I started gymnastics when I was eight.
My dad was a gymnast, but he never pressured me to try it. I just decided one day that I wanted to and fell in love with it.
I remember on my first day I fell on my face and the teacher was like, ‘Oh my gosh, are you okay?’ And I just got right back up and tried again.
I absolutely loved it. I still do. I competed for ten years and then coached for another five.
For me, gymnastics was freedom to express myself through my body. I felt like I could do things that I couldn't before and being able to learn new things was such a big part of my journey in the sport.
My favorite aerial was floor. I was always a tumbler. I was a bit of a bigger gymnast, so it was hard for me to do things like bars and balance beam. But on floor I felt like I could be very powerful. I always had a lot of bounce. And everyone used to make comments that I had a lot of air and I was able to get a lot of power.
It was incredible, that feeling.
But there are other feelings tied to the gym that are less positive for me.
When I was 16, I met the man that assaulted me. I was at a gymnastics camp. He was my friend's coach. And I thought he was really cool. He would hang out with us and talk to us about personal issues and stuff like that. I didn’t think anything of it. I thought he was a really good ear to go to.
His gym ended up being the sister gym to mine and so he would come and visit and he would bring the young athletes he was training. I was friends with some of them, so we would hang out.
I just had this very positive opinion of him. And I absolutely trusted him. I think that's what made the experience harder.
I went to that camp two years in a row, and then I worked at it one year when I got older. He was there both times I was a camp participant. He would check in on me, like, “Hey, how's it going?” I was in a romantic relationship at the time with one of his students, one of my peers, and he was very interested in that. He was always asking me questions about my relationship.
When I was 20, he contacted me on Instagram and offered me a job as a gymnastics coach. The assault happened on my first day.
I was shadowing a class and he pulled me away, saying, “I want to talk to Coach for a minute.” And then he just sat there talking with me for like an hour. His questions started out normal. “What is your major in school? How are you doing?” And then he started talking about my ex-boyfriend. “Oh, I told what's-his-name that he was stupid for letting you go. You were always so great. I told him you were valuable.” Stuff like that.

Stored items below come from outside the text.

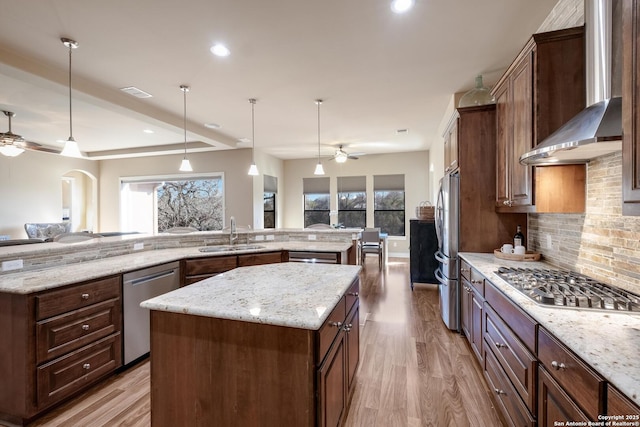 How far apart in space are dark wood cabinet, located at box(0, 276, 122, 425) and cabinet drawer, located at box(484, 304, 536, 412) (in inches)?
111

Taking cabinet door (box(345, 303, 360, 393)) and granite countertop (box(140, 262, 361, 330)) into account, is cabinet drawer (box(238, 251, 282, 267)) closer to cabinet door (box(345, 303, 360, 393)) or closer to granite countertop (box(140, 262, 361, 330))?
granite countertop (box(140, 262, 361, 330))

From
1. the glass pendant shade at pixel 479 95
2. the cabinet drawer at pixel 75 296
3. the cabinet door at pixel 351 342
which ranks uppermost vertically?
the glass pendant shade at pixel 479 95

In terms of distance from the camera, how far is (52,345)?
6.02 ft

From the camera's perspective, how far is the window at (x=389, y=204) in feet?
Answer: 25.1

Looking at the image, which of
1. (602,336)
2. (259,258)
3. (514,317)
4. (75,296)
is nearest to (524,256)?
(514,317)

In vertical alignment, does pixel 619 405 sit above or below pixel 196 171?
below

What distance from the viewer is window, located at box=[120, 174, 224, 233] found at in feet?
23.2

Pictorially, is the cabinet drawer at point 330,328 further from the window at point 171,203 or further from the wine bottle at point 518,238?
the window at point 171,203

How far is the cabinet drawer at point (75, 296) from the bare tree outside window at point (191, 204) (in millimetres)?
4827

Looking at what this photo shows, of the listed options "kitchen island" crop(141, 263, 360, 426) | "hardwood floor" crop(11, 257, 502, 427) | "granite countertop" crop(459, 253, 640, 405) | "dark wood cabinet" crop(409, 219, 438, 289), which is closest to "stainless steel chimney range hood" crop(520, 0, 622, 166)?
"granite countertop" crop(459, 253, 640, 405)

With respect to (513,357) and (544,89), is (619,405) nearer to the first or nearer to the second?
(513,357)

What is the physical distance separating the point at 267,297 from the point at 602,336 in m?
1.41

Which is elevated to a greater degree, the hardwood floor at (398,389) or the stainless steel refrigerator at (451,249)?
the stainless steel refrigerator at (451,249)

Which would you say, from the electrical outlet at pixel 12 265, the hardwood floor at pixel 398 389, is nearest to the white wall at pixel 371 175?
the hardwood floor at pixel 398 389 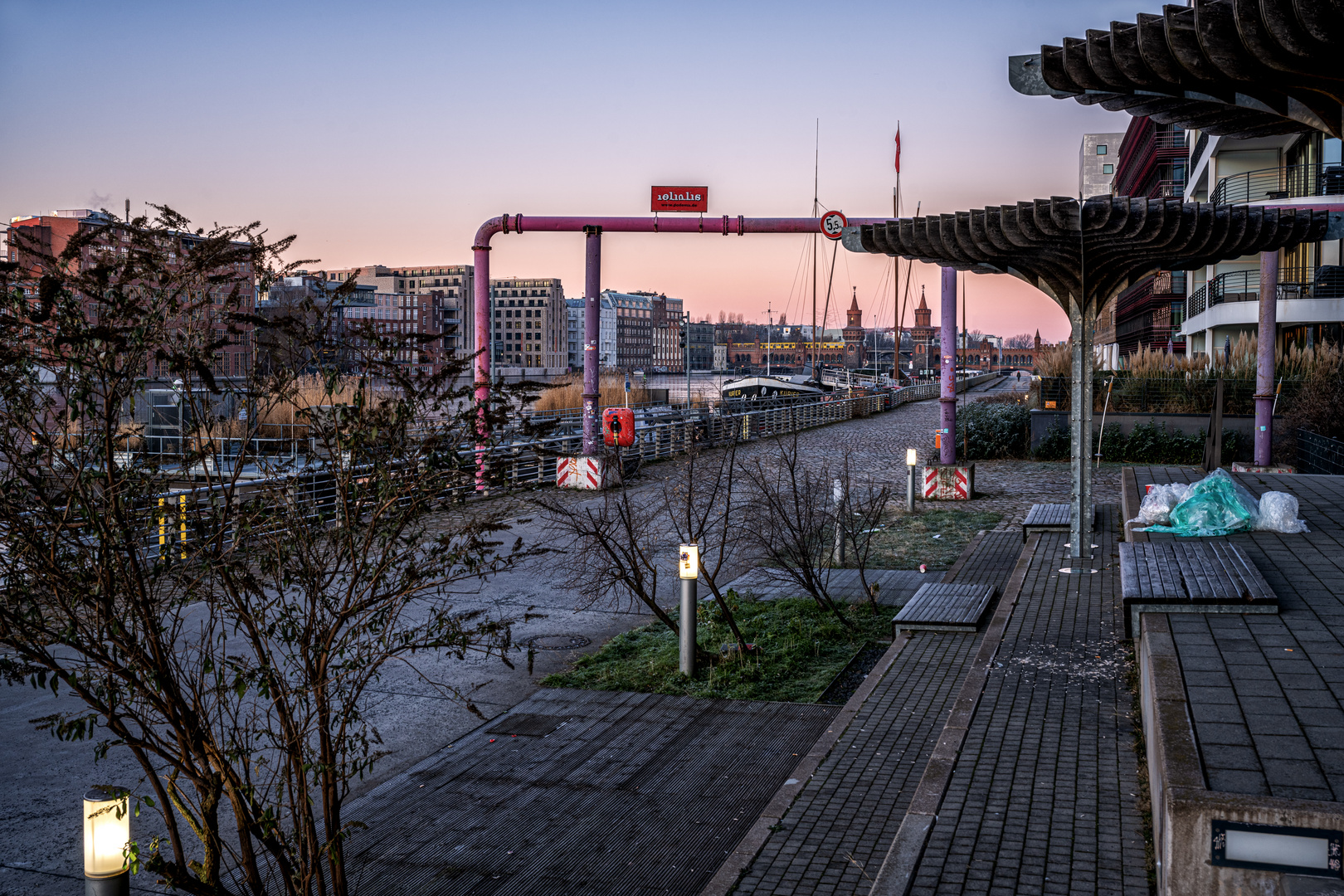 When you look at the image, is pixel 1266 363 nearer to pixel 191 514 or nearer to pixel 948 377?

Then it got into my sexual relationships: “Are you internally or externally pleased?”
In my mind, I thought, Oh, I'm an adult now and he just wants to talk to me about these things. I’ve always been a very open person about my personal life with my friends. I never held anything back. So I thought it was him communicating with me like friends would.
And then it just escalated so fast. It went from 0 to 100 in the matter of three hours. It went from him asking me about school and my life to him being like, “Hey, I want to take you away for a second.”
I was watching the trampoline area and he told the kids, “I'm going to close down this area so I can take Coach somewhere.” He was my supervisor. I asked, “Where are you going to take me?”
He said, “I'm just going to go in the office. I don't know if the door locks.” In my mind, I was like, What? But I didn't think he was going to do anything to me.
When I got in the office, he tried to lock the door, but it wouldn't lock. He said, “Okay, we'll just leave it closed” and he asked me to try on a leotard without a bra. He said he was sending it to a friend of his that was the same body type as me but a little bit bustier, and he asked me to tell him how it fit.
It turned physical after that. He told me he had an open relationship with his fiancé and was like, “Let me show you a few things that I've learned over the years.” Then he started putting me in sex positions with my clothes on.
In the moment, I couldn’t process what was happening. I completely froze. I didn't say a word. He was like, “Let me show you this next. Let me show you this next.”
I remember just feeling so numb. I knew something bad was happening, but I couldn't put it into words at the time.
Something in the back of my mind told me to get out of there, so I made the excuse that I had to go to my other job. I was also working in a restaurant.
And he was like, “Okay, I'll see you tomorrow.”
He acted like everything's fine. Like nothing weird had just happened. It was just completely normal to him.
I very vividly remember walking out of there and feeling sick to my stomach. I knew something bad had just happened, so I called a friend and I told her. She said to call the police. But I was too much in a state of shock.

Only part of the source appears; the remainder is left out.